Martha Reeves wants it to be known, "I had nothing to do with that. I just sang the song and in my heart, I was visualizing people actually dancing in the street. I wasn't singing, you know, doom and gloom when the sun go down, let's kill everybody and go steal their property, and break into stores and carry refrigerators home on your back."
But she also says the song reminds her of the trials she faced as a black teen in Detroit, before the modern civil rights movement began.

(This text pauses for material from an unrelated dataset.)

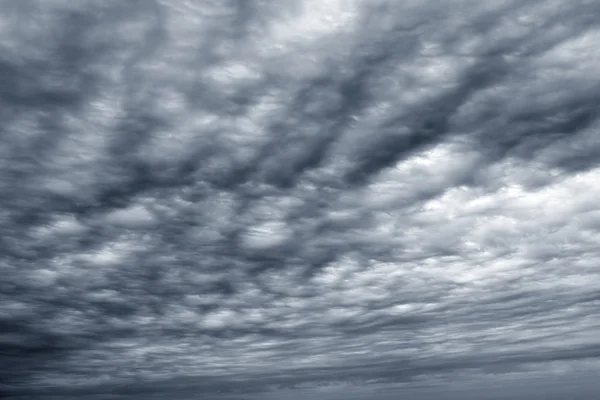 Burzliwy chmury cloudscape ciemny szary pochmurny dzień — Zdjęcie stockowe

"We couldn't stand on street corners and sing," she recalls, "because there was a police unit called the Big Four. It was usually four big white men, and they had clubs and guns. And if they caught a group of black people standing on the corner singing doo-wop ... they would jump out of the car and attack you, arrest you, or run to your house, because they didn't want blacks gathering. So 'Dancing in the Street' is all of that to me."
Mark Kurlansky believes that "Dancing in the Street" has grown into an American anthem over six decades because its irresistible beat and engaging images let people find their own message in the song. He says that co-writer Mickey Stevenson "saw it as a song about integration: about how young black people and young white people could go out on the street and be together."
WDET, an NPR member station in Detroit, interviewed visitors from around the United States at "Hitsville, U.S.A." — the former Motown Records headquarters on Grand Boulevard, now the Motown Museum — to get their impressions on the song.
"If you listen to the lyrics, it's telling you that when things are rough, you dance in the streets," said Kenneth Atkins, a visitor from Houston. "You have to celebrate victory sometimes. And it makes you feel good. ... It gives you a positive energy." Vincent Thames from Connecticut said he believes the song "brings everyone together. It was saying, 'Shed your fears. Forget about the political thing and just enjoy life.' "
Several other artists have recorded "Dancing in the Street" over the years, including The Mamas and & the Papas and the Grateful Dead. Mick Jagger and David Bowie recorded a duet to benefit Live Aid in 1985, and began it by calling out to "Tokyo, South America, Australia, France, Germany, U.K., Africa." That's how far the song has traveled.
Bowie and Jagger's version was a hit. But it's hard — no, impossible — to improve on Martha Reeves' original. What makes the song an anthem is the ring of authenticity from Motown's original studios in Detroit: a cry from the heart of summer in a big city, boiling with energy, turmoil and hope.
"I will admit that it's one of the greatest songs recorded at Motown," Reeves told us, "and I consider it the anthem of the Motown sound because it makes everybody dance whenever you hear it. Whenever I hear it, I have to almost get up and move."
So do most of us. Stop reading — and start dancing.